En d’autres termes, et comme ils précisent plus loin, les articles de Wikipedia sur des sujets de santé contiennent peu d’erreurs factuelles, malgré un certain manque de couverture. Ils sont également bien référencés, mais paradoxalement peuvent être difficiles à comprendre. Ils sont généralement meilleurs en moyenne que les autres sources, y compris le livre spécialisé.

De manière intéressante aussi, bien qu’un avantage majeur de Wikipedia sur le livre est sa mise à jour fréquente et rapide, le livre fait mieux que la plupart des sites web officiels. Ces sites sont moins bons que le livre, mais pas plus à jour. Au moins, ils sont gratuits.

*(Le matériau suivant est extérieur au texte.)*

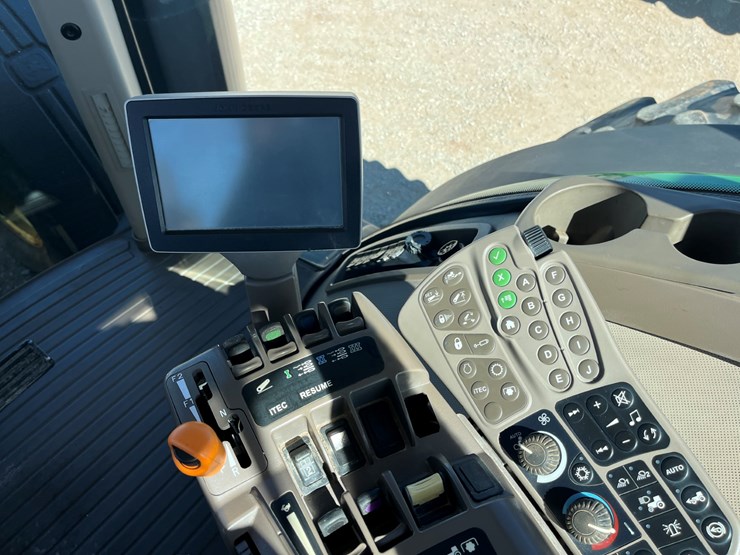 2012-john-deere-8335r-image-19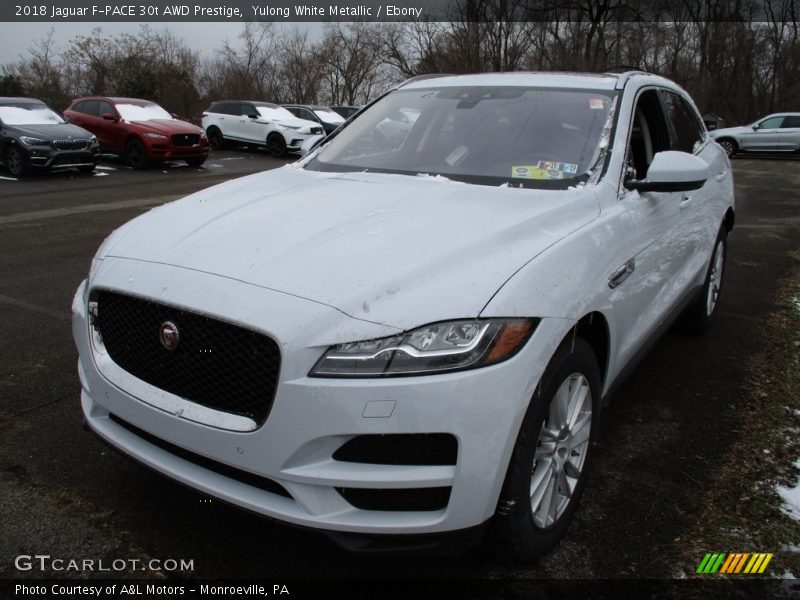 Yulong White Metallic / Ebony 2018 Jaguar F-PACE 30t AWD Prestige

Ceci nous amène à un second point, qui est qu’il est difficile de maintenir de l’information scientifique ou médicale à jour de manière centralisée, avec des ressources forcément limitées.

Il y a un autre article récent sur ce sujet dans le numéro spécial annuel sur les bases de données en biologie (NAR Database, entièrement gratuit) : les auteurs discutent de l’intégration entre Wikipedia, ou d’autres approches participatives, avec des bases de données spécialisées de biologie. Ils partent de leur expérience positive avec les bases de données Pfam (domaines protéiques) et Rfam (ARNs fonctionnels) : les données structurées sont dans une base de données SQL dédiée, mais les annotations en texte qui décrivent la fonction des molécules passent par Wikipedia. Plus précisément, à un moment ils ont exporté toute leur information vers Wikipedia, et depuis ils récupèrent toutes les modifications qui sont faites dans les pages Wikipedia correspondantes, et les remettent dans Pfam et Rfam.

Par exemple, l’article sur mon domaine préféré, de liaison aux hormones des récepteurs nucléaires d’hormones : dans la page Pfam il y a de l’information textuelle, avec un bouton « Edit in Wikipedia ». On clique dessus, et on arrive sur la page Wikipedia correspondante, en mode édition directement qui plus est. Et là-dedans vous avez de jolies boîtes avec de l’information structurée venant de Pfam. C’est beau c’est grand c’est magnifique.

Ils ont des curateurs qui vérifient les infos venant de Wikipedia, et ils en acceptent 99%. Ils ont des milliers d’éditions par an, donc beaucoup d’informations pertinentes, à jour, et … gratuites. Et disponibles à tous !

Ils regardent aussi d’autres modèles d’intégration avec Wikipedia, et les limitations. Par exemple, Wikipedia a un critère d’intérêt général, qui fait qu’on peut avoir une entrée par gène humain, ou par domaine protéique (partagé par plein de protéines), mais pas une entrée par gène de poisson épinoche, ou par variant de gène humain. Une autre limitation est la règle « pas de travaux inédits« , qui interdit d’ajouter des infos que vous avez obtenu de vous-même, même par une méthode toute bête et simple. Or une base de données scientifique ne peut pas toujours accepter ces limitations. Et les wiki spécialisés ne marchent généralement pas aussi bien que Wikipedia, c’est peu de le dire.

Leur conclusion, et c’est là où je trouve que ces deux articles à priori bien distincts se rejoignent, est que nous ne pourrons maintenir à jour une information pertinente en biologie (et médecine donc) qu’en s’alliant à Wikipedia (et autres ressources des foules) de manière intelligente. Je suis bien d’accord, d’ailleurs j’utilise déjà Wikipedia. Il ne me reste plus qu’à devenir intelligent.